**Data extracts**
━━━━━━━━━━

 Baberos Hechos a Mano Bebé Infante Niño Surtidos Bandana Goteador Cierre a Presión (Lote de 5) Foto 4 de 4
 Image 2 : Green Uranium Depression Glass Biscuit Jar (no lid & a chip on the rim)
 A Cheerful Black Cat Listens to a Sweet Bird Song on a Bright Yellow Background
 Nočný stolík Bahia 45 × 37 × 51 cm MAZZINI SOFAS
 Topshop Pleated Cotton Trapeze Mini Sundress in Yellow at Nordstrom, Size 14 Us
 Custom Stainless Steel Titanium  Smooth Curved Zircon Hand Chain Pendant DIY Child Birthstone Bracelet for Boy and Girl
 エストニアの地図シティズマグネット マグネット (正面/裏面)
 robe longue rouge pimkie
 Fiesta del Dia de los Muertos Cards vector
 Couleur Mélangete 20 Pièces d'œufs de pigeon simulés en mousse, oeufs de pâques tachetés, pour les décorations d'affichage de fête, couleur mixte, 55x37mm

━━━━━━━━━━

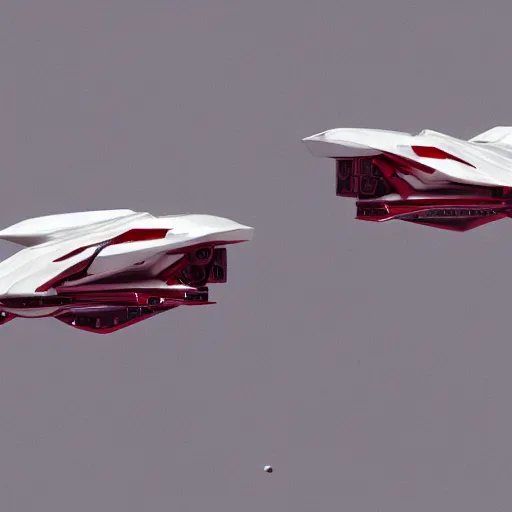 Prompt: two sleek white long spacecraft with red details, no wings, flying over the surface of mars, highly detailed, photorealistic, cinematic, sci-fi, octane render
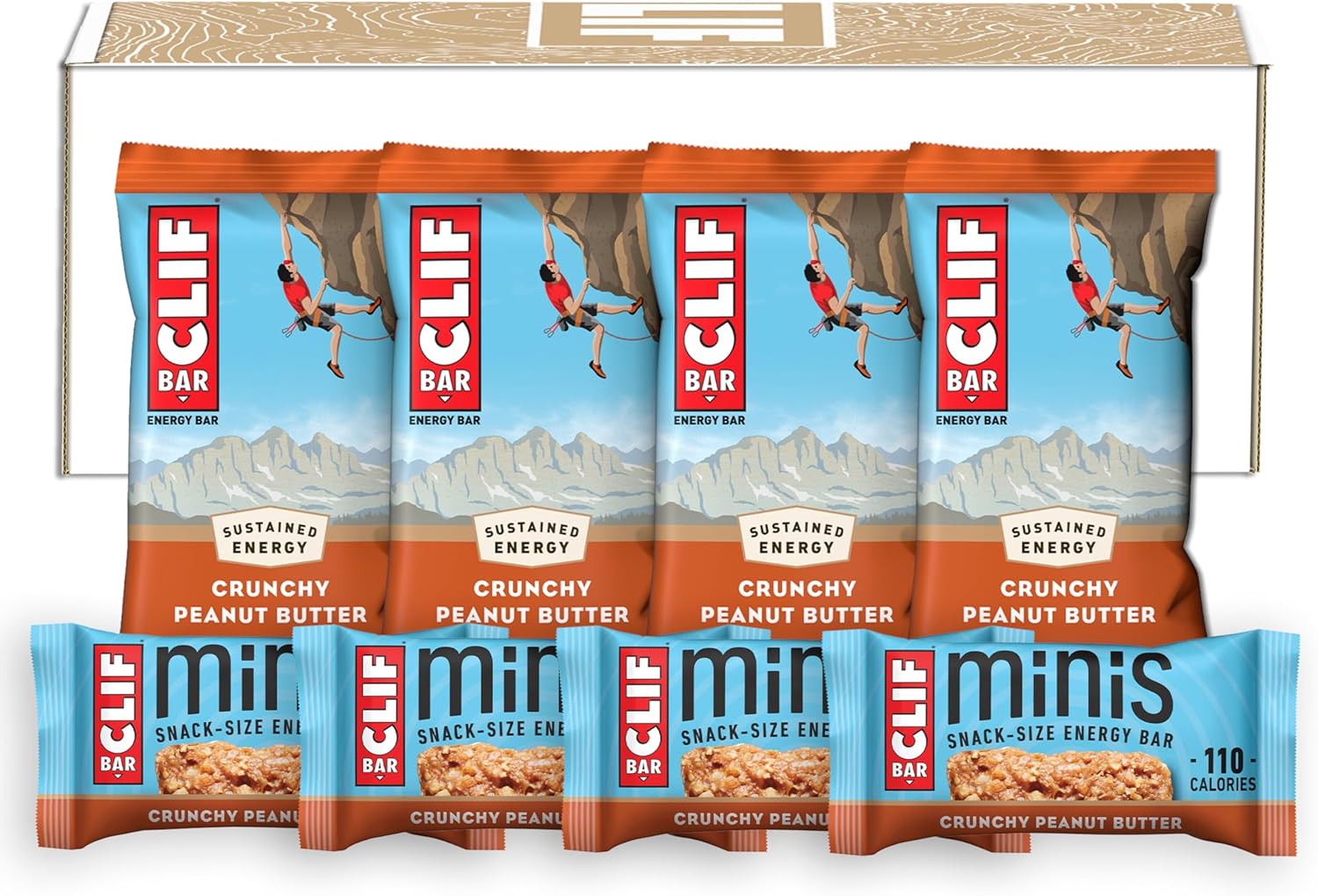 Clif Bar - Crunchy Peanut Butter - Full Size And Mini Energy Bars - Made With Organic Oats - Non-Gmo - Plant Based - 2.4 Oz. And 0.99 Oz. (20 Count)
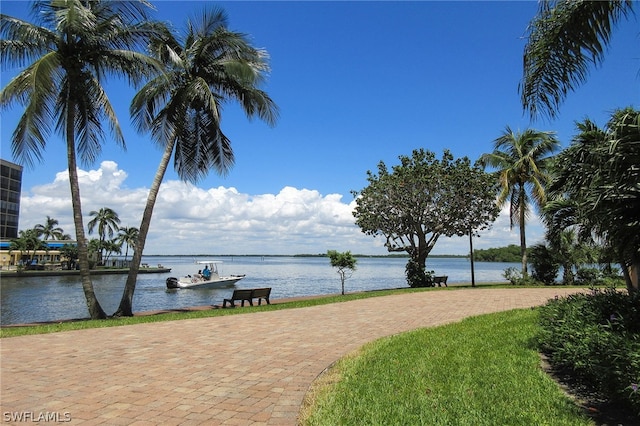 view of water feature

━━━━━━━━━━

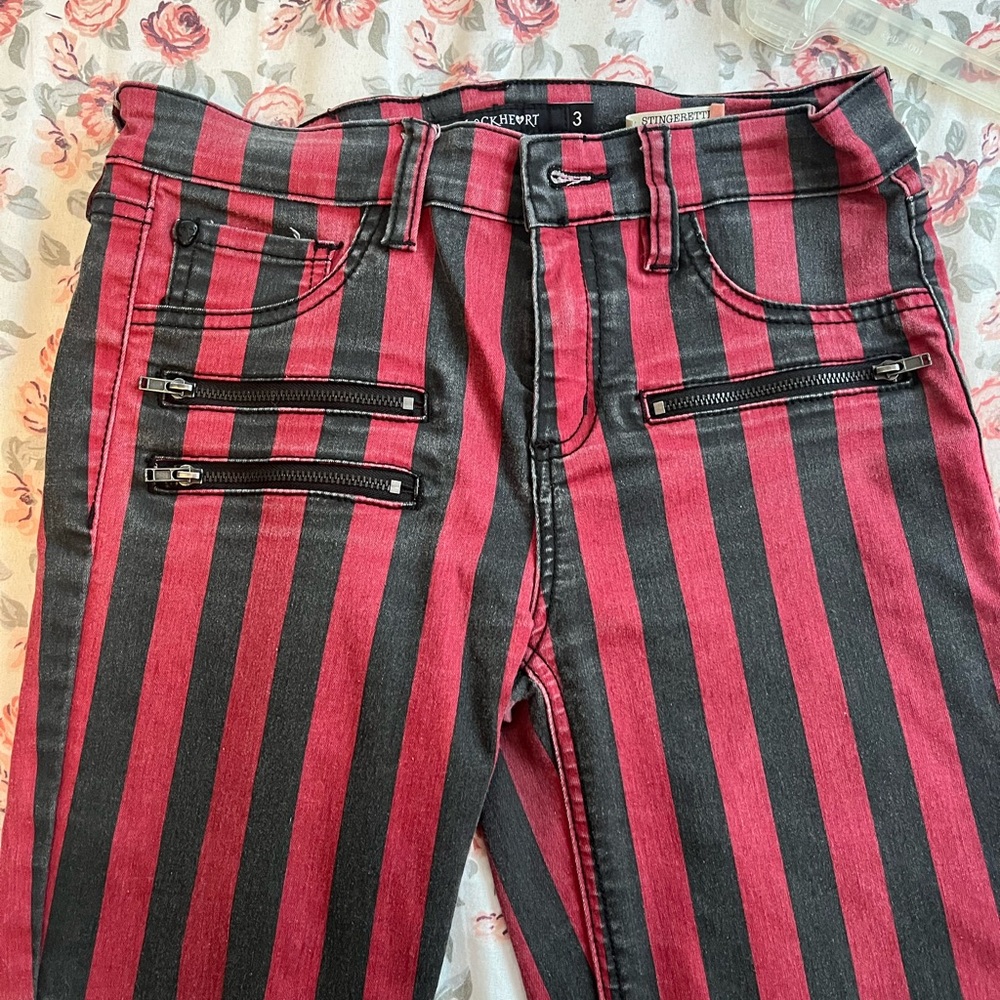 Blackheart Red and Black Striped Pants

━━━━━━━━━━

**Work order**
Repeat, exactly as they stand above, the lines from the line with "Nočný stolík Bahia" to the line with "Fiesta del Dia de los Muertos Cards vector", both lines included.

**Response to this task**
 Nočný stolík Bahia 45 × 37 × 51 cm MAZZINI SOFAS
 Topshop Pleated Cotton Trapeze Mini Sundress in Yellow at Nordstrom, Size 14 Us
 Custom Stainless Steel Titanium  Smooth Curved Zircon Hand Chain Pendant DIY Child Birthstone Bracelet for Boy and Girl
 エストニアの地図シティズマグネット マグネット (正面/裏面)
 robe longue rouge pimkie
 Fiesta del Dia de los Muertos Cards vector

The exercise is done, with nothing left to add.